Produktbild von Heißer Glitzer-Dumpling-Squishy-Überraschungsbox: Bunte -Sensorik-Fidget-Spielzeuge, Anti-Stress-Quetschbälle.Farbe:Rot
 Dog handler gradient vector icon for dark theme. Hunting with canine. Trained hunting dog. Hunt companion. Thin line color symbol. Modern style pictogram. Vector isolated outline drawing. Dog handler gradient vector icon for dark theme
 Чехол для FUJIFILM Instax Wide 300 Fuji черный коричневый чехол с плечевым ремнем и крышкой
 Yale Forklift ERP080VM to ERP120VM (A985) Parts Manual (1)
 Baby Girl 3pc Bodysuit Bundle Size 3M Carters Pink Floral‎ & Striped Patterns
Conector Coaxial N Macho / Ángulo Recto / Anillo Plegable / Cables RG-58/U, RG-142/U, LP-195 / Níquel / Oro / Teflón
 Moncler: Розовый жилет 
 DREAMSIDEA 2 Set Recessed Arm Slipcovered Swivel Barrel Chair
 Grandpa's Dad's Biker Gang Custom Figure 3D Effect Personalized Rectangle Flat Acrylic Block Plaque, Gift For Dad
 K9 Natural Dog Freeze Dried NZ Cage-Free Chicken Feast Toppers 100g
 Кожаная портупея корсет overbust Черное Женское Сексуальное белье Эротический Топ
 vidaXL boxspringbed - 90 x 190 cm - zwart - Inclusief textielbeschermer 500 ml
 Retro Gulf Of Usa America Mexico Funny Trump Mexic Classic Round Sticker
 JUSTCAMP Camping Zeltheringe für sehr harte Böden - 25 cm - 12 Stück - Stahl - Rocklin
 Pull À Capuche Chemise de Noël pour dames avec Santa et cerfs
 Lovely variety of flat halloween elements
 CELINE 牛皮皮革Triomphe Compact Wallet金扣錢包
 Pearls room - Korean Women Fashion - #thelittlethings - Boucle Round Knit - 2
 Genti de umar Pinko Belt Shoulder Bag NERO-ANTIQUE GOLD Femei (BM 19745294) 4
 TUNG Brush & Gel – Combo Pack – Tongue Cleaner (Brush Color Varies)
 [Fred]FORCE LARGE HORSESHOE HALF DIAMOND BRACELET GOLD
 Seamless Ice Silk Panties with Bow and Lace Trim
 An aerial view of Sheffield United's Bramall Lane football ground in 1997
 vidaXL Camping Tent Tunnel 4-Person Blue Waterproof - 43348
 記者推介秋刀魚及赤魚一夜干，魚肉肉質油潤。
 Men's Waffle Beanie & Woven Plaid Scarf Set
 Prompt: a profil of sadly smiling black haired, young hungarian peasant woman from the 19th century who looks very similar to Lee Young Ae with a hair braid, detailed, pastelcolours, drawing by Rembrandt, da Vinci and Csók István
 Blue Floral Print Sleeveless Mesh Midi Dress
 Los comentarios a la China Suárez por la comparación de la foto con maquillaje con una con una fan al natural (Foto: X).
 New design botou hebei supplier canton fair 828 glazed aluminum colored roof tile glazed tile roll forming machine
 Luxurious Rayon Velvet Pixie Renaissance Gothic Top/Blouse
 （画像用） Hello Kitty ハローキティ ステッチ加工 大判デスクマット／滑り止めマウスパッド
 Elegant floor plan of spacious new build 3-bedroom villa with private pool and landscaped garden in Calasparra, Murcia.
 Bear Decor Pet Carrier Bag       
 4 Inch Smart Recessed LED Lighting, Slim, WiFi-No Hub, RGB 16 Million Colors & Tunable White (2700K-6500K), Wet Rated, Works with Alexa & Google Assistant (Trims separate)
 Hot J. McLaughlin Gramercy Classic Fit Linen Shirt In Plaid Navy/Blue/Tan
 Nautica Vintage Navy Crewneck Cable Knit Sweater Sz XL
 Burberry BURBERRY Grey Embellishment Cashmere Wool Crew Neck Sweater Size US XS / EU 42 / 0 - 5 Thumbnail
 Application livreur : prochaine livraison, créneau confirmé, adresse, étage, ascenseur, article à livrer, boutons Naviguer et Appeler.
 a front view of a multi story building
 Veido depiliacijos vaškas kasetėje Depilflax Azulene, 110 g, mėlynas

══════

## PROBLEM REQUIREMENTS:
Within the data above, filter for lines containing the word "Classic" and copy each one.

## SOLUTION FOR THIS TASK:
 Retro Gulf Of Usa America Mexico Funny Trump Mexic Classic Round Sticker
 Hot J. McLaughlin Gramercy Classic Fit Linen Shirt In Plaid Navy/Blue/Tan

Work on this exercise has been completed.